Let’s try to see if this is due to particular question types. Below is plotted performance change from session 1 to 2 as a function of grammar question type. It looks like the over-all decrease we see above may be due to a few questions: futuro-proximo, oraciones-subordinadas, preterito-ar. In general these seem to be related to tense. These are cases where there was no data from the first session, suggesting that the decrease could be an artefact of missing data.

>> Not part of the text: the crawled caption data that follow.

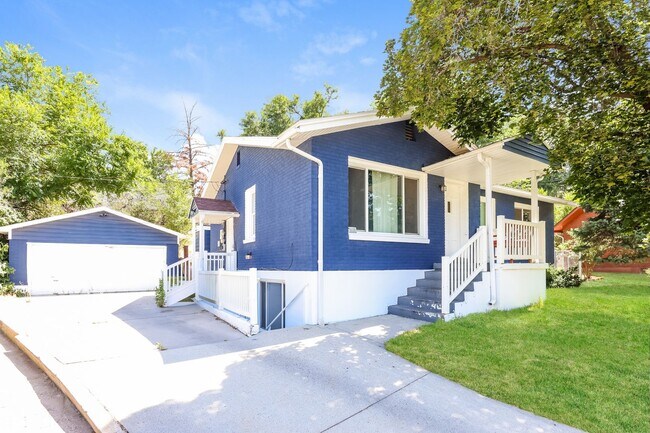 Building Photo - 2910 Orchard Cir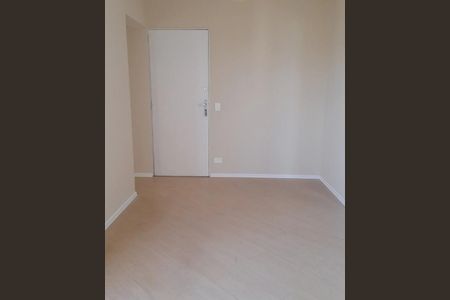 Apartamento à venda com 37m², 1 quarto e 1 vagaFoto 02
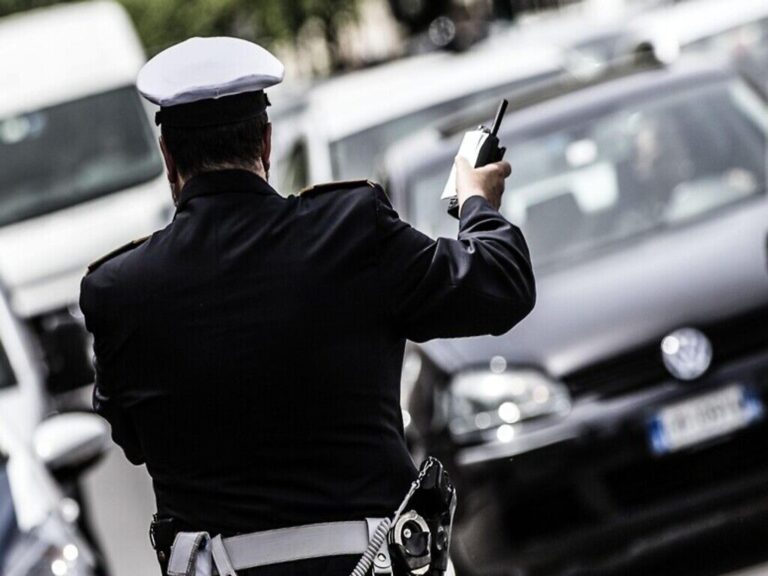 Concorso pubblico per 6 istruttori di vigilanza Napoli: bando, requisiti e domanda 2024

performance_by_grammar_tag <- tidy_data %>%
  filter(item_type == "grammar") %>%
  group_by(item_type, user_id,section, tag) %>% 
  summarize(mean_correct = mean(correct)) %>%
  group_by(section, tag) %>%
  multi_boot_standard(col = "mean_correct") %>%
  ungroup() %>%
  mutate(section = as.factor(section))

ggplot(performance_by_grammar_tag, aes(x = section, y = mean, group = tag, color = tag)) +
  geom_pointrange(aes(ymin = ci_lower, ymax = ci_upper,))  +
  facet_wrap(~ tag) +
  geom_line() +
  theme(legend.position = "none")

performance_by_grammar_tag %>%
  select(section, tag, mean) %>%
  spread(section, mean) %>%
  
  #mutate(`1` = case_when(is.na(`1`) ~ 0, TRUE ~ `1`),
  #       `2` = case_when(is.na(`2`) ~ 0, TRUE ~ `2`)) %>%
  mutate(learning_delta = `1` - `2`,
         learning_delta = round(learning_delta, 2)) %>%
  arrange(learning_delta) %>%
  select(tag, learning_delta) %>%
  DT::datatable()

Let’s filter to cases where we have data for both section 1 and 2. If we exclude the missing data, there’s no longer a decrease in performance between the two sections, but there’s also no improvement. There’s a lot of variability across the sections, as well

prop_correct_by_user_no_na <- performance_by_grammar_tag %>%
  select(section, tag, mean) %>%
  spread(section, mean) %>%
  drop_na() %>%
  gather("section", "value", -tag) %>%
  group_by(section) %>%
  multi_boot_standard(col = "value") %>%
  ungroup() %>%
  mutate(section = as.factor(section))  %>%
  mutate(group = "grammar")

ggplot(prop_correct_by_user_no_na, aes(x = section, y = mean, group = group)) +
  geom_pointrange(aes(ymin = ci_lower, ymax = ci_upper))  +
  geom_line()

0.2 Within-user correlation in performance between item types

Are users that are good at vocabulary questiosn also good at grammar questions?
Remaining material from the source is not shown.